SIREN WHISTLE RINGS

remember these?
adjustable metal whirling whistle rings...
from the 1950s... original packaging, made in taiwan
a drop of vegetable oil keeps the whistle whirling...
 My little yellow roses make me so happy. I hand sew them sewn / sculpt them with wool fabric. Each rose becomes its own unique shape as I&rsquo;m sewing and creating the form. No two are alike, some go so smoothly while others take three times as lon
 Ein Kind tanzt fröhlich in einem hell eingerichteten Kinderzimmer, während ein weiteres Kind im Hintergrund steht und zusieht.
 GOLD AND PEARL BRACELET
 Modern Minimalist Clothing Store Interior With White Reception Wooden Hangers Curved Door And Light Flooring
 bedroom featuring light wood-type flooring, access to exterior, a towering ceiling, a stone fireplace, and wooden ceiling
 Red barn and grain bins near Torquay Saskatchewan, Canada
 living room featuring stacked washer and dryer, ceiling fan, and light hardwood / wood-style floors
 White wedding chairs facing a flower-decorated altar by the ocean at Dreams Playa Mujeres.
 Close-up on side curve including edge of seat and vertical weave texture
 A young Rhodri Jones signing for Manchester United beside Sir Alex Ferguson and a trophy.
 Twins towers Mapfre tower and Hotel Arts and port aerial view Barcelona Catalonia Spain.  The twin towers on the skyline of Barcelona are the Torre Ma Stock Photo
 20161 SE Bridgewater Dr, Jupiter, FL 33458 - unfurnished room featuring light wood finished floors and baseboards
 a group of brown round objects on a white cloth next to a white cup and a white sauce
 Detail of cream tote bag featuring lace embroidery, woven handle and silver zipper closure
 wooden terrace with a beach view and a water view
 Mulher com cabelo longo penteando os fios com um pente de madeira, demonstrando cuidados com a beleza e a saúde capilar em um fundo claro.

-- Problem to work on --
Reproduce the lines word for word, starting at the one holding "A young Rhodri" and ending at the final line of the material above.

-- Your solution --
 A young Rhodri Jones signing for Manchester United beside Sir Alex Ferguson and a trophy.
 Twins towers Mapfre tower and Hotel Arts and port aerial view Barcelona Catalonia Spain.  The twin towers on the skyline of Barcelona are the Torre Ma Stock Photo
 20161 SE Bridgewater Dr, Jupiter, FL 33458 - unfurnished room featuring light wood finished floors and baseboards
 a group of brown round objects on a white cloth next to a white cup and a white sauce
 Detail of cream tote bag featuring lace embroidery, woven handle and silver zipper closure
 wooden terrace with a beach view and a water view
 Mulher com cabelo longo penteando os fios com um pente de madeira, demonstrando cuidados com a beleza e a saúde capilar em um fundo claro.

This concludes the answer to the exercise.